B.D.-Nr. 2244
De strijd tussen het licht en de duisternis zal ook daar aan het licht komen, waar een geestelijk streven aanwezig is, want de macht van de duisternis probeert elke helderheid van geest te verhinderen. Ze probeert het menselijke denken te verwarren en zodoende de werkzaamheid van de wezens van het licht moeilijker te maken. De wezens van het licht kunnen alleen maar daar werkzaam zijn, waar de mens zich gelovig en deemoedig laat leiden, waar dus geen eigen wil dit werkzaam zijn afzwakt.

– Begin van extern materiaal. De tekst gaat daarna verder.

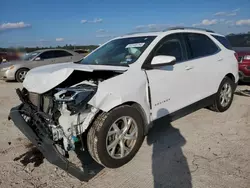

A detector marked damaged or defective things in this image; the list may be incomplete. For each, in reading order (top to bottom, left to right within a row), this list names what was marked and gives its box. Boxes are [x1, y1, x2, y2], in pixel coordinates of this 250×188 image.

Dat laatste is dan het geval, als de mens van tevoren al gelooft kennis te hebben, voordat de geestelijke krachten hun werk aan hem konden beginnen. Als dus het werkzaam zijn van de geest op een bepaalde tegenstand stuit, omdat de mens niet bereid is de voorheen verkregen kennis op te geven. Hij probeert dan verstandsmatig een verband te vinden en er zijn dan twee richtingen, die met elkaar om de opperheerschappij strijden. Dan zal de macht van de duisternis alle middelen aanwenden om het verstand van de mensen te vertroebelen en volledige helderheid kan hem dan ook nauwelijks gegeven worden.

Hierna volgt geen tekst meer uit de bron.